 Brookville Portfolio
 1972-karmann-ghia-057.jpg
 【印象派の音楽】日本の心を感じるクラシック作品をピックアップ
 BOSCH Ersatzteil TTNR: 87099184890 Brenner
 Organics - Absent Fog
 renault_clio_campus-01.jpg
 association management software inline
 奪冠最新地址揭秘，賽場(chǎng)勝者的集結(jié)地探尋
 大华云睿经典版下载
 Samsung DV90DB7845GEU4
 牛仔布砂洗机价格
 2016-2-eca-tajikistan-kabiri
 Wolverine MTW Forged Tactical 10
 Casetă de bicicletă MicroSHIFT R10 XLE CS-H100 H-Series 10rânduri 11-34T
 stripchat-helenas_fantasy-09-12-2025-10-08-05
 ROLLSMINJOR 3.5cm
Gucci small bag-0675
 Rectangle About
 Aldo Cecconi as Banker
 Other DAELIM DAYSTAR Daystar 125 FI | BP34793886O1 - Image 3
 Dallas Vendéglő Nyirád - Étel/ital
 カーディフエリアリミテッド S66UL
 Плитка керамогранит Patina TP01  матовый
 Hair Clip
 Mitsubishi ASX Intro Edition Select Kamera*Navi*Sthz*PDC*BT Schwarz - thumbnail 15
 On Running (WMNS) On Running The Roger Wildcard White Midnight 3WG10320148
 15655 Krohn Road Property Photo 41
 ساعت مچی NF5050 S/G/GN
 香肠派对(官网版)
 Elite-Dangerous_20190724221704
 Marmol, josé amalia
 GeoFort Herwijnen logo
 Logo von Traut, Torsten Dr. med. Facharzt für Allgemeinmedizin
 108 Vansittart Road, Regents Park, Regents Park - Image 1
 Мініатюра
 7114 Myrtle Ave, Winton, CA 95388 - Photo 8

*Requirement*:
Above are the records; repeat exactly the lines from the one holding "Rectangle About" down to the one holding "GeoFort Herwijnen logo", end lines included.

*Expected answer*:
 Rectangle About
 Aldo Cecconi as Banker
 Other DAELIM DAYSTAR Daystar 125 FI | BP34793886O1 - Image 3
 Dallas Vendéglő Nyirád - Étel/ital
 カーディフエリアリミテッド S66UL
 Плитка керамогранит Patina TP01  матовый
 Hair Clip
 Mitsubishi ASX Intro Edition Select Kamera*Navi*Sthz*PDC*BT Schwarz - thumbnail 15
 On Running (WMNS) On Running The Roger Wildcard White Midnight 3WG10320148
 15655 Krohn Road Property Photo 41
 ساعت مچی NF5050 S/G/GN
 香肠派对(官网版)
 Elite-Dangerous_20190724221704
 Marmol, josé amalia
 GeoFort Herwijnen logo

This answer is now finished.